Clearly, long after the first settlements in the USA, it remained a frontier country, with episodes involving Native Americans encouraging the founders to enshrine the right to carry a gun in the USA Constitution.
So, the whole cultural attitude towards guns mitigates against having the type of police force which is enjoyed in most of the UK.
In fact, here, in the Northern Territory of Australia, the first time I saw a police officer carrying a gun was after Cyclone Tracy, when we had members of State police forces assisting the NT police during a spate of chaos and some lawlessness.
I am well aware of the levels of corruption in the police forces in many states, with Queensland and NSW being the standouts, and Victoria not far behind.
Corruption is not exclusive to the police and it is disturbingly evident in governing bodies, both nationally and locally.
Distinctions between poachers and gamekeepers are notoriously blurred, but the most serious problems arise in the law and order context.
Black Lives Matter is no new issue.
Terra Nullius is no longer accepted, but the contempt with which our First Nations were regarded, lives on in too many white supremacists.
Those original inhabitants lived by very different cultural rules than do the invaders, and their rejection of ownership of land but instead acceptance of having a duty to be a guardian of the tribal lands, as well as their ways of ensuring the land is properly used and protected, should be lessons for us.

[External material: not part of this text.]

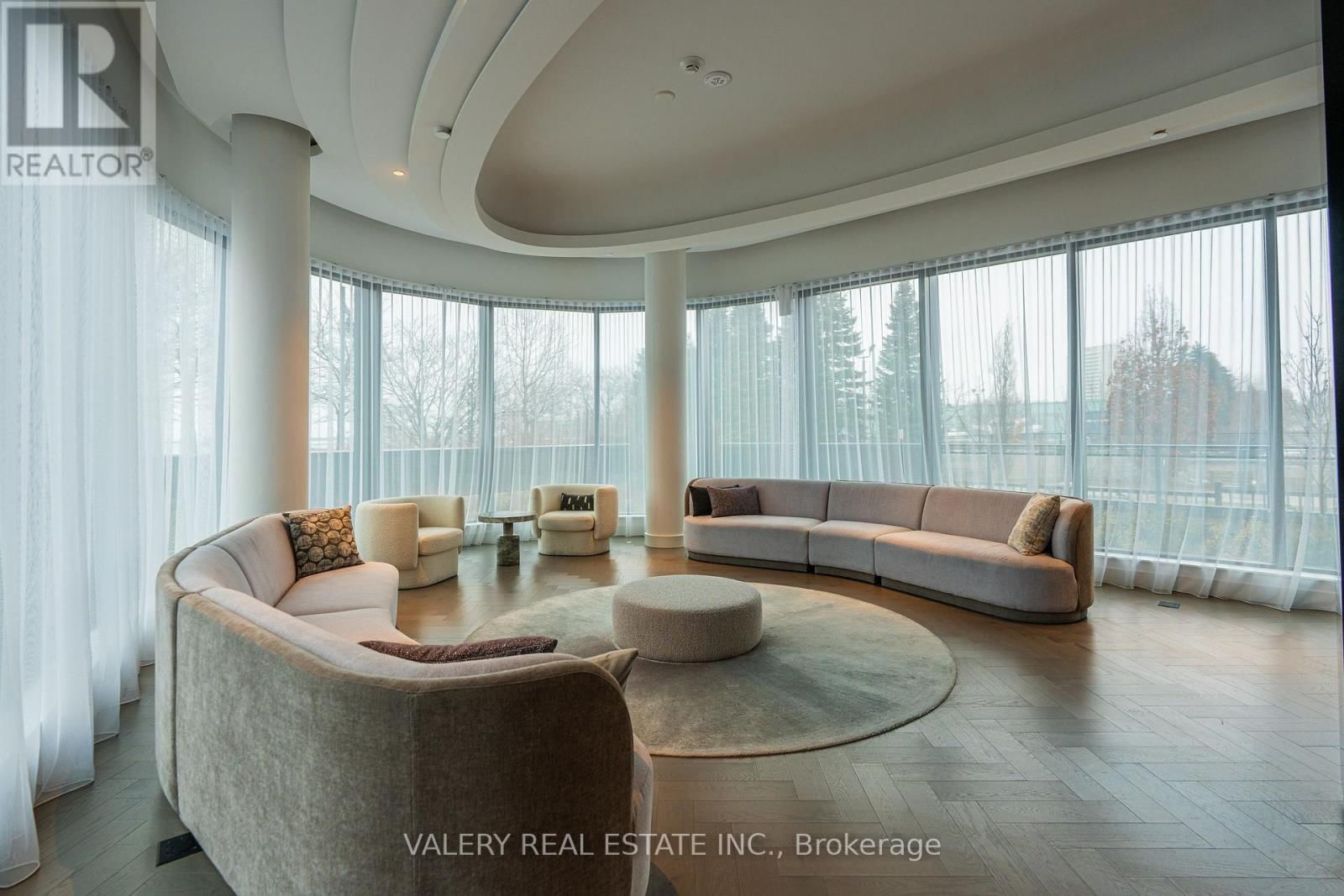 504 - 55 PORT STREET EAST Image 37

In similar ways, the African Americans, mainly descended from slaves brought to the Americas to work in the plantations under frequently inhumane conditions, are still regarded as less than human because of their origins, clearly carried down through generations by the colour of their skins.
The most important quality in many members of the human race is an ability to live in peace with others.
The message of “Do as you would be done by” is not exclusively linked to any religious dogmas.
It is an ethical requirement directed at all of us, whatever our colour, beliefs or clan group.
We live in very troubled times, and they are unnecessarily troubled by mankind’s inhumanity to other members of the human race.
The right to bear arms is a dangerous demand, and the extent to which the ‘if it moves – you shoot’ attitude might have its humorous side, we are yet to have the ability to revive someone who has died.
It is worth noting that there are many outside the police force whose lives are on the line in their course of duty.
Most notably, these include, most recently, the health service staff, whose lives have been at risk as they care for COVID-19 patients, often with inadequate Personal Protection Equipment, with a shortage of rest between shifts and, often, a need to be isolated from their loved ones.
On a regular basis, Ambulance officers and paramedical staff have to deal with people affected by alcohol and other drugs, who often violently attack the staff who are trying to assist them.
Then there are the carers, who deal with people living in their own homes with mental disorders, which do not justify institutionalisation but nevertheless can lead to violent outbursts.
None of these groups would dream of carrying a gun to protect themselves.
If the movement, which is getting into its stride around the world,in opposition to white supremacist attitudes, is to bear fruit – which we earnestly hope it does – the USA needs to take a long hard look at its history of the damage continually done by gun ownership laws.
#Black Lives Matter
I end as always – this is my 2020 New Year Resolution:
“I will do everything in my power to enable Australia to be restored to responsible government.”